Ronaldos Alltag in Turin ist grau, weil es zuletzt für ihn sportlich nicht lief wie gewohnt. Juventus liegt in der Serie A und der Champions League wie immer auf Kurs, auch wenn der Vorsprung des Liga-Tabellenführers auf Inter Mailand mit einem Punkt verhältnismäßig mickrig ist.

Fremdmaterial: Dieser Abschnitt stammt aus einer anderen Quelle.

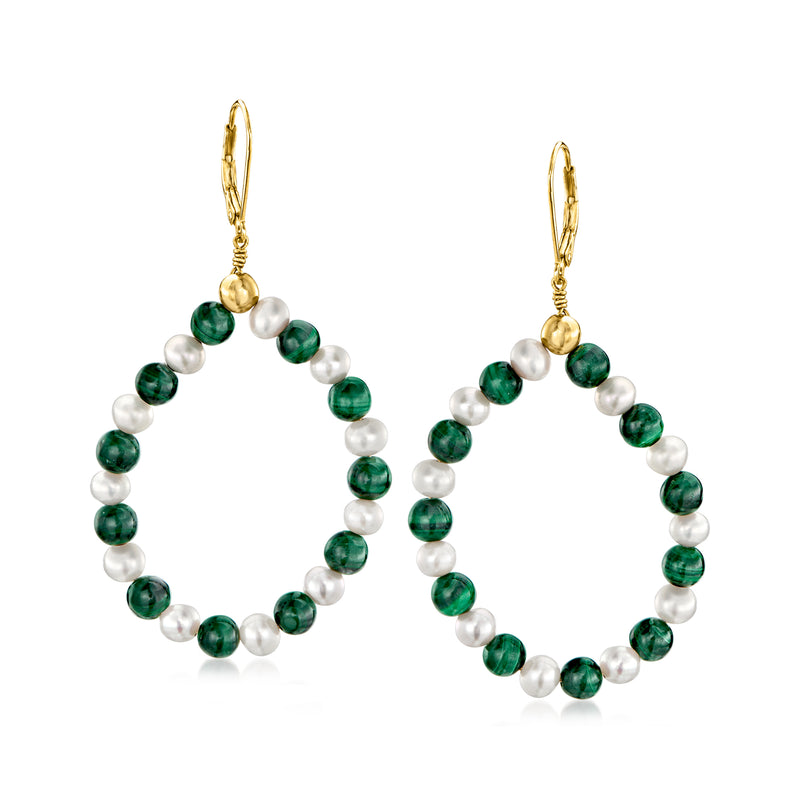 18kt gold leverback earrings with white cultured pearls and green malachite beads.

Ärger um vorzeitige Auswechslung
Doch CR7 wirkt zunehmend frustriert. In den letzten beiden Spielen wurde er frühzeitig ausgewechselt, gegen den AC Milan bereits nach 55 Minuten. Blasphemie in seinen Augen. Was Ronaldo davon hält, ließ er Trainer Maurizio Sarri und seine Juve-Kollegen deutlich spüren. Beim ersten Mal lieferte er sich ein Wortgefecht mit Sarri, beim zweiten Mal verließ er das Stadion noch vor Spielende. Italienische Medien berichteten umgehend, dass der Juve-Spielertross eine Entschuldigung Ronaldos einforderte.
Vielmehr sollte man sich aber der Frage nach dem Warum widmen. Warum wagt es Sarri, Ronaldo vorzeitig vom Feld zu nehmen, und das gleich mehrfach? Ist er so naiv und weiß nicht, welches Echo das beim Spieler und in der Öffentlichkeit hervorruft?
Diese Frage muss mit einem klaren Nein beantwortet werden. Sarri ist nicht erst seit gestern im Geschäft. Er muss sich der Tragweite seiner Entscheidung bewusst sein. Zudem ist der Coach dafür bekannt, nicht nach Namen aufzustellen. Beim FC Chelsea ließ er Eden Hazard in der Saison 2018/19 immer wieder mal draußen, obwohl dieser eine sehr starke WM gespielt hatte und als der Spieler bei den Blues galt, der den Unterschied ausmachen kann. Hazard passte nicht so gut in sein System.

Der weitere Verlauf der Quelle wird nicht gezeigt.